Di awal musim dingin yang datang lebih cepat, para petinggi Cina berdiskusi di ruang luas berwarna merah yang didominasi potret raksasa Mao Zedong, pendiri rezim komunis Cina. Di sana ada pejabat intelijen, urusan luar negeri, ekonomi, media, pakar ASEAN, dan pakar Indonesia. Tapi ruang terasa sepi seperti hutan belantara.
Lalu, Presiden Xi Bopeng memecahkan kesunyian. “Apakah hasil pilpres Indonesia akan melestarikan status quo? Satu per satu para pejabat itu mengemukakan pendapat dengan hati-hati. Intinya, kepentingan Cina di Indonesia belum aman.
“Kalau Anies Baswedan memenangkan pertarungan, pendulum politik Indonesia akan berayun lebih ke tengah. Bahkan, landscape politik Indo-Pasifik akan berubah,” kata pakar ASEAN.
Mereka beranggapan, Anies akan meninjau ulang deal-deal bisnis bidang infrastruktur dan pertambangan Indonesia-Cina — yang oleh pakar Indonesia dianggap tidak fair — sebagaimana dulu dilakukan PM Malaysia Mahathir Mohamad.
“Dia itu nasionalis tulen, sekaligus cendekiawan ekonomi dan politik yang cerdik. Tidak mudah menghadapi dia. Lagi pula, populeritas Cina di sana merosot tajam belakangan ini akibat ketidakarifan kita memperlakukan bangsa yang sepanjang sejarahnya terdapat banyak simpul gerakan anti-Cina,” kata pakar Indonesia.
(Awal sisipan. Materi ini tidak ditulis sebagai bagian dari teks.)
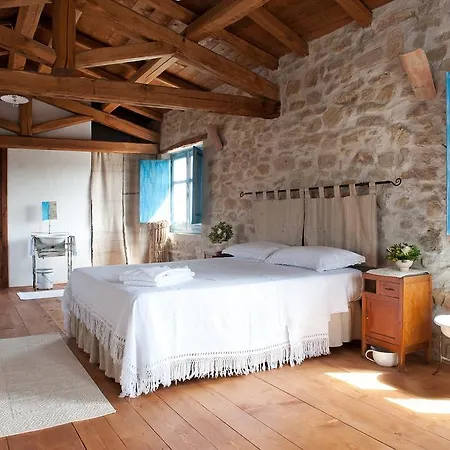 Bed & Breakfast Domu Antiga 3*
Mereka juga membahas kemungkinan berubahnya landscape politik Indo-Pasifik bila Anies memimpin Indonesia. Pembahasan dari perspektif Indonesia berjalan begini: Dari sisi geopolitik, mestinya Indonesia dengan perbedaan budaya, sejarah, dan besaran ekonomi dibanding dengan bangsa ASEAN lain berperan sebagai game changer di kawasan untuk sebesar-besar keuntungan bangsa.
Faktanya, Jakarta tak memainkan peran yang seharusnya di tengah persaingan kita bersama Rusia versus AS-sekutu di kawasan. Penyebabnya, presiden Indonesia tak punya visi tentang Indo-Pasifik. Akibatnya, kementerian luar negerinya tak punya pedoman yang otoritatif dalam menjalankan politik regional, terutama dalam hubungan dengan kita, sehingga politik luar negerinya terasa mandul.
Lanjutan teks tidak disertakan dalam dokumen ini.